Its awesome how photography has evolved from simple pinhole camera to the most advanced digital single reflex cameras. Beginning with the humble pinhole camera, which was built in 1600s and then in 1850. From successful recording of positive image on a metal plate, photographic industry has grown into a giant digital age. In earlier days photographic equipment were very hefty and large. For instance,during the Civil War, photographic equipment involved two horse wagons coupled with lightproof buggy. The biggest limitation in earlier days was lighting. As such early photographic industry was limited to light sources available.

Until the incandescent bulb including the flash bulbs were invented around 1880s, indoor photography was difficult and hard. On the of flash effect (using powdered mg(magnesiumin) a vacuum tube) serious portrait photography was a reality. Likewise, metal plate positive imagery was exchanged by stretch films using celluloid, which enable to print hundreds of photos, utilizing a single film roll. Robert Eastman, is the first creator and an entrepreneur to develop and trade these new film cameras in mass scale. He is the founder of Kodak Eastman Inc.

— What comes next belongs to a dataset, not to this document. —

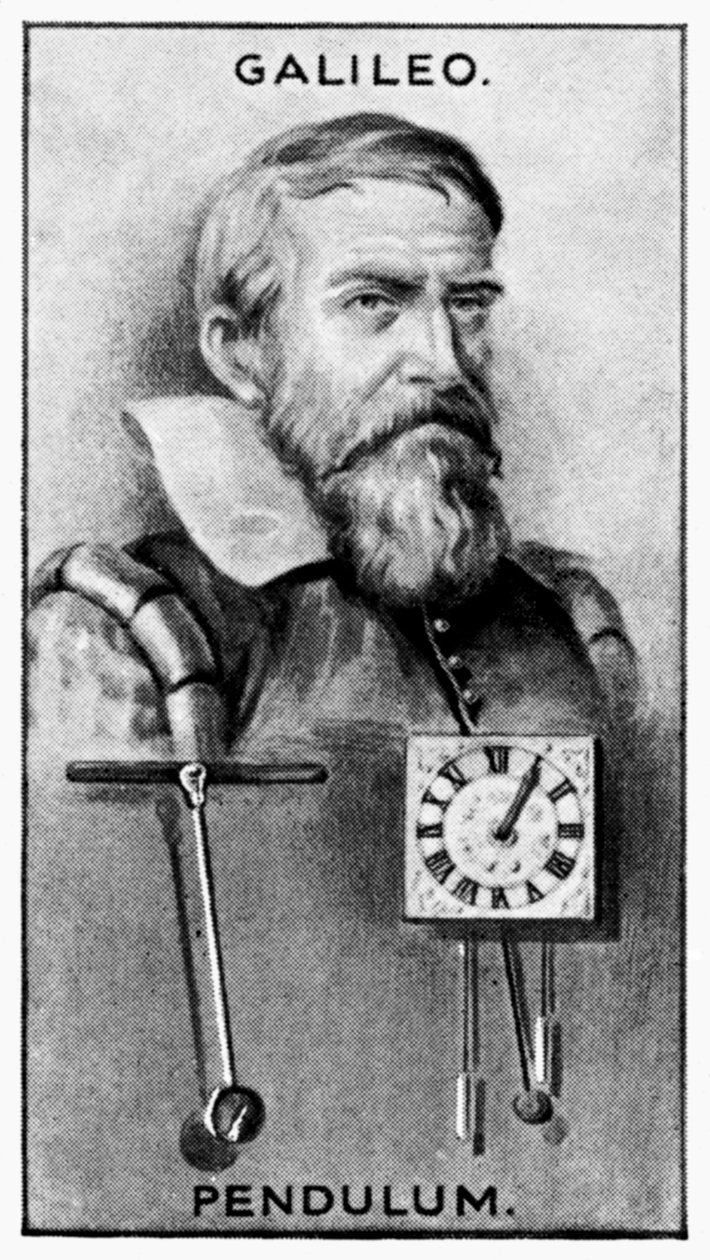 Galileo Galilei，意大利物理学家，天文学家和哲学家，约1924年 作者 不明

The fresh Kodak camera had a double lens shutter box including a roll of film in it. To have your photographic prints, you shipped the entire camera back to New York, where the film was secured, photographic prints made, and the camera re-loaded before it was transported back to the photographer. The entire process of developing photos and the photographic prints to be received took almost three weeks which means lot of waiting time.

During the 1930s, with the presentation of Kodachrome color processing, colors in photography was available to many another. Through the 1940s and 1950s, most photograph processing took place at photography labs in major cities, while the reversal time for processing photographs was cut to near four days. In the late 1940s, the next phase of the photographic revolution was catalyzed by Edwin Land a Chemist. His large research resulted in the development of Polaroid Process. The Polaroid camera was an instant success. This made it possible to take a picture, take a print from the camera, peel off the protective layer, and see it slowly fade into view.

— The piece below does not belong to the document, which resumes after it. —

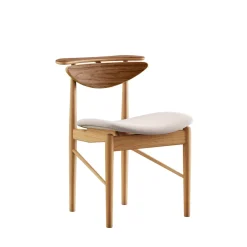 Karmstolen, ask klar olie af Finn Juhl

Even with the popularity of the Polaroid camera, only the Japanese company, Fuji, that made the first major breakthrough by introducing “disposable” camera in mid ’80s. The disposable camera made by Fuji, was an close challenger to the Kodak Polaroid model. you bought a camera, loaded the film, taken photos, handed the film to studio, and got your negatives and pictures back. Commonly the photo studios was located at a corner drug store, and the time to form the pictures was almost within 24 hours.

The popularity of film cameras was to decrease in early 1988, when Fuji introduced the first generation digital camera, called DS-1P utilizing CMOS sensors. The difference between this camera and the traditional film camera was it can immediately display photographs taken, which allowed the user to review or delete or print them at once.
Since then wide range of digital cameras have overloaded the market as such the artwork of taking a picture has become realism to many. If you are curious, there are many online photography classes to be selected.

I hope you liked the story, feel free to join and publish your own stories.

What specific Polaroid Camera would take Polaroid 669 Film?

Posted 02 February 2010 | By Anonymous | Categories: Polaroid | 2 Comments
polaroid
tctc asked:


Hello..I know that Polaroid has/is in the process of discontinuing their film but I am just curious as to what camera would work the Polaroid 669 instant color film? Thanks for you time!